• _Work instructions_:
Output, word for word, the line that contains "研究内容を紹介する寺本教授" and all lines after it in the records below, omitting pictures.

• _Short web captions_:
━━━━━━━━━━━━━━━━━━━━
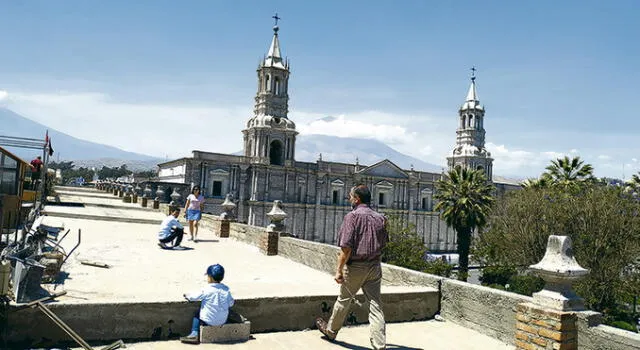 En polémica. Turistas siguen ingresando a azotea del portal.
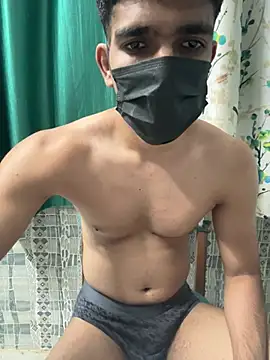 Naughtytomboy78 网络视讯表演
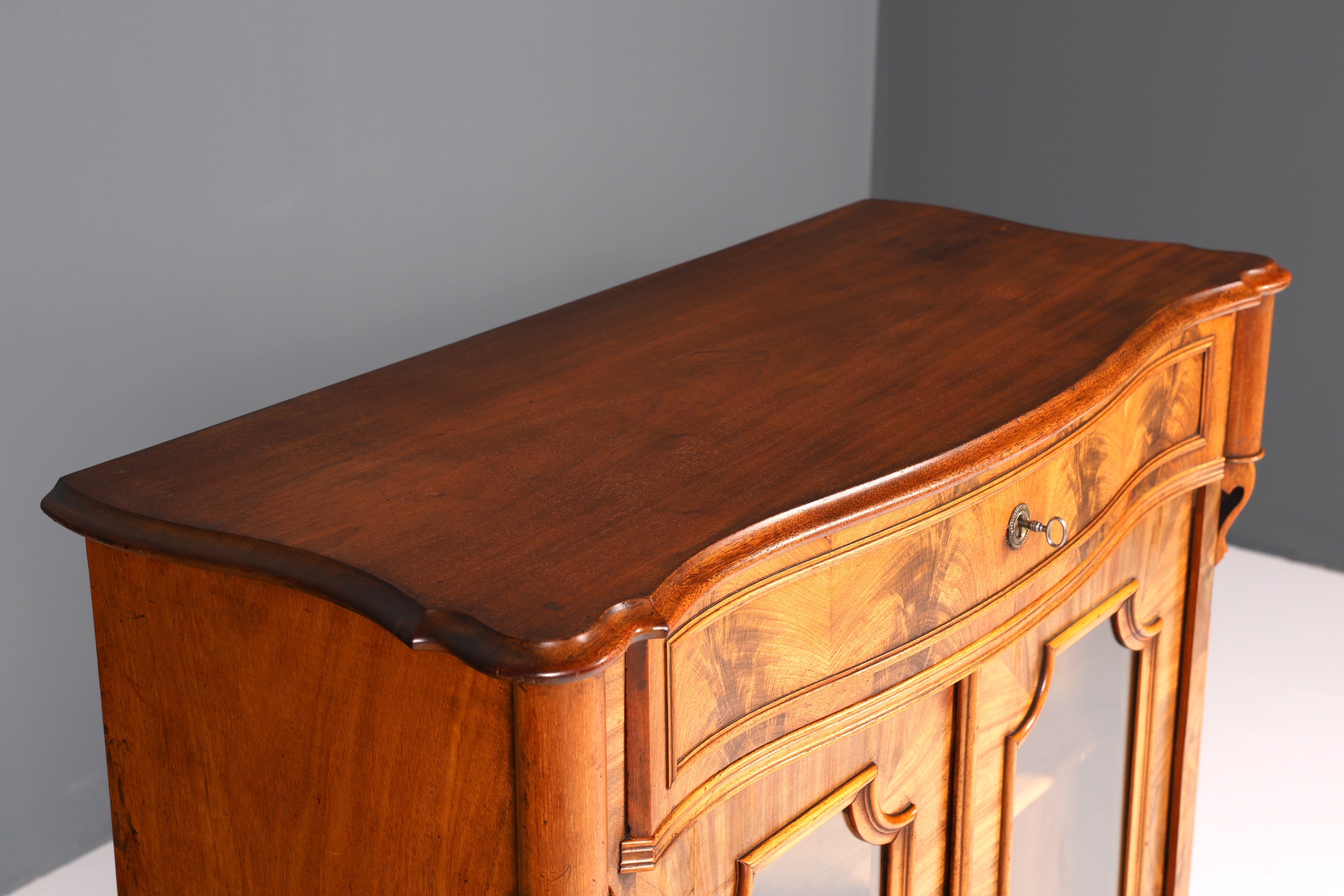 Fantastic Louis Philippe showcase antique Biedermeier cabinet made of real wood around 1880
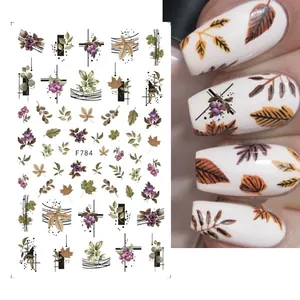 Adesivi per unghie autunnali con foglie di acero e bacche colorate in design F784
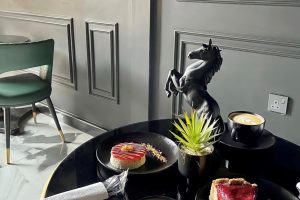 كافيه لو شوفال المدينة (السعر + المنيو + الموقع + أراء الناس)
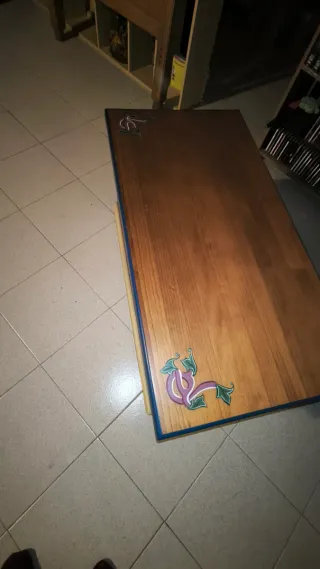 Mesa y silla de madera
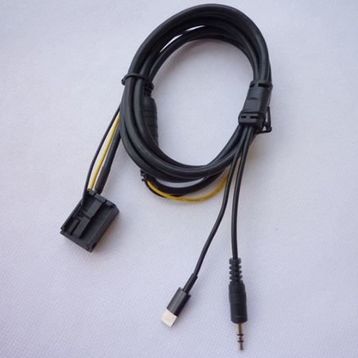Techmaster SKU14 Opel CD30 CD70 CDC40 DVD90 Aux ve iPhone Lightning Şarj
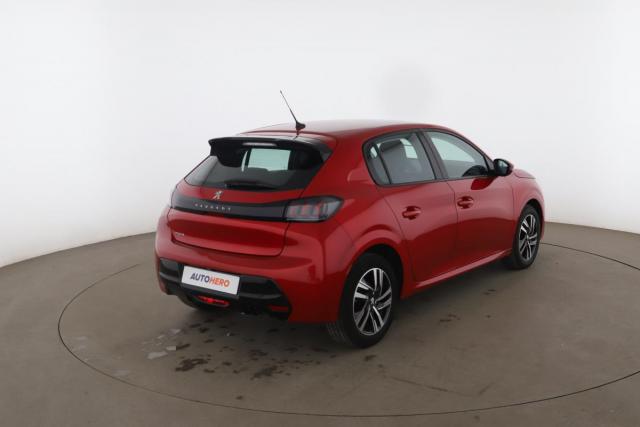 Peugeot 208 image 4
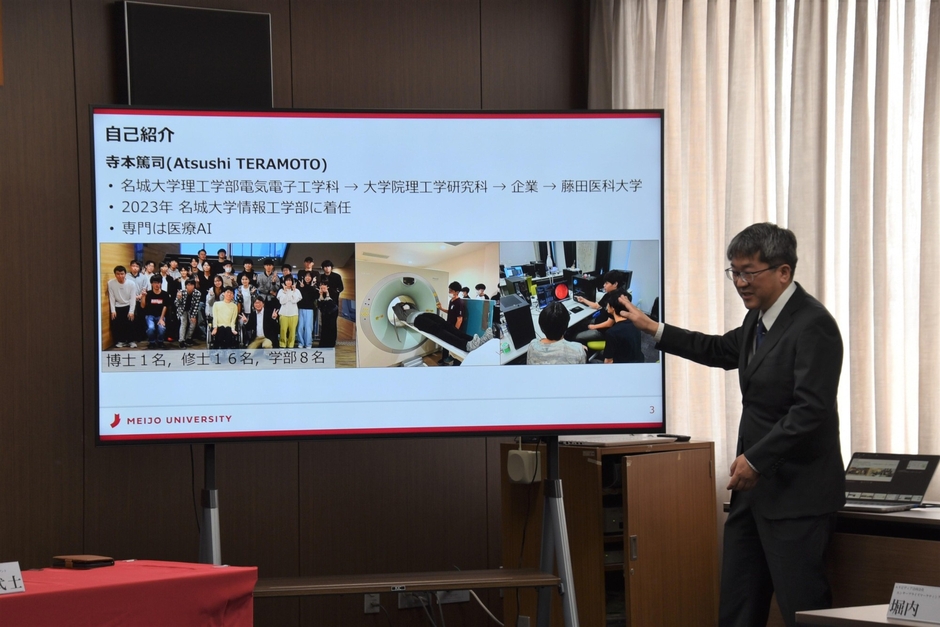 研究内容を紹介する寺本教授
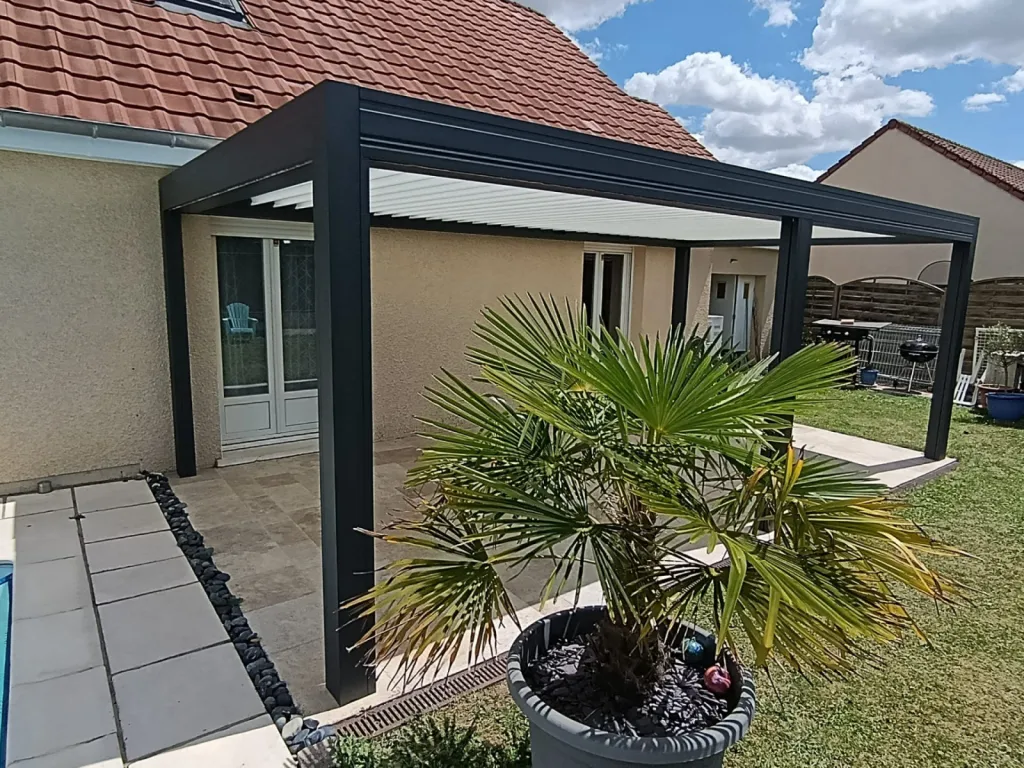 Installation d’une pergola bioclimatique aluminium Premium Plus MATEST motorisée Somfy IO à Quetigny en Côte-d’Or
━━━━━━━━━━━━━━━━━━━━
• _Solution to this exercise_:
 研究内容を紹介する寺本教授
 Installation d’une pergola bioclimatique aluminium Premium Plus MATEST motorisée Somfy IO à Quetigny en Côte-d’Or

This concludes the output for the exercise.